The Federal Ministry of Health had signed an agreement with the nurses on July 27, 2001, which the association says the government has reneged on.
Steel workers in Zimbabwe strike against low pay
Over a thousand workers at Zimbabwe’s leading iron and steel manufacturer, the Kwekwe-based ZISCO, went on strike last week for higher pay.
Joshua Sibalo, the ZISCO workers’ committee chairman announced on December 13 that the workers would begin their strike the following day. “We gave two weeks notice of our intention to go on strike from tomorrow and we are going ahead,” said Sibalo, adding that morale at the steel giant was low because of the poor salaries.
The state-owned steel corporation is desperately trying to raise more than $8 billion on the international market. It claims it is faced with collapse if it fails to raise the funds to cover its operational costs. The money is needed to maintain the ancillary plants and to buy spares for steel refractories within the company.
Senior staff fired for joining union in Ghana
The Ghanaian company Pioneer Food Cannery (PFC) has fired 18 senior staff who threatened to go on strike to compel management to allow them to join a trade union.

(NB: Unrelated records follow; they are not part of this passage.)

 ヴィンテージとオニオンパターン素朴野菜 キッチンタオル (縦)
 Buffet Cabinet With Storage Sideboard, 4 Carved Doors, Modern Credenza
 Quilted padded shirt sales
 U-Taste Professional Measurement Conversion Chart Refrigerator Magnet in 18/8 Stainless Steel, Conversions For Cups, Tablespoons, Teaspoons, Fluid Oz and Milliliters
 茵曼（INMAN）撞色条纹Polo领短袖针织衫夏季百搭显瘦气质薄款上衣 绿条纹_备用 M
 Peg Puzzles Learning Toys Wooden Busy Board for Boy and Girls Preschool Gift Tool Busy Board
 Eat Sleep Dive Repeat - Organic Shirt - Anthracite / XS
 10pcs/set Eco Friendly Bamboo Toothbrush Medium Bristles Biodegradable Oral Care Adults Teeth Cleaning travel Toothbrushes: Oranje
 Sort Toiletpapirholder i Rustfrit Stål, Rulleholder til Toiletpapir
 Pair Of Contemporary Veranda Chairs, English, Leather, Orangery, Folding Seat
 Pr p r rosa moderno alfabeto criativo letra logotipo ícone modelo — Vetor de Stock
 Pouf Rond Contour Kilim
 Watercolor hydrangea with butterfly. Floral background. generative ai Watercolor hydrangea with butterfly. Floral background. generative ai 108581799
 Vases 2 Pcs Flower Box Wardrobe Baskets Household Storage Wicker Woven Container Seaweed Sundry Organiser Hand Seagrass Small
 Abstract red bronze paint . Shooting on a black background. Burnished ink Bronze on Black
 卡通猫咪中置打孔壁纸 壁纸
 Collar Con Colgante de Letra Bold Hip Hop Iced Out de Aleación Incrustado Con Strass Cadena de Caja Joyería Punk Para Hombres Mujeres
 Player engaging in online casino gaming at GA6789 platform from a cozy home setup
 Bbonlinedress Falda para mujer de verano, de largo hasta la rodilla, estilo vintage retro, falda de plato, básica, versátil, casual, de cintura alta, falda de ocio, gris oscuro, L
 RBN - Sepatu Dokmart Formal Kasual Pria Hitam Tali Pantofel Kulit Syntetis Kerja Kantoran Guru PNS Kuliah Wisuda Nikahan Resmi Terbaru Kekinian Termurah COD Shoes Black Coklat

About 40 senior staff at the factory had decided to join the Industrial and Commercial Workers Union (ICU). Of these, 18 had signed a letter to the management, saying that they would go on strike if they were not allowed to join the ICU.
On December 3, the management responded by summarily dismissing those who had signed the letter, barring their entry to the factory the following day. Since then, junior workers have warned management to reverse their decision or face further action.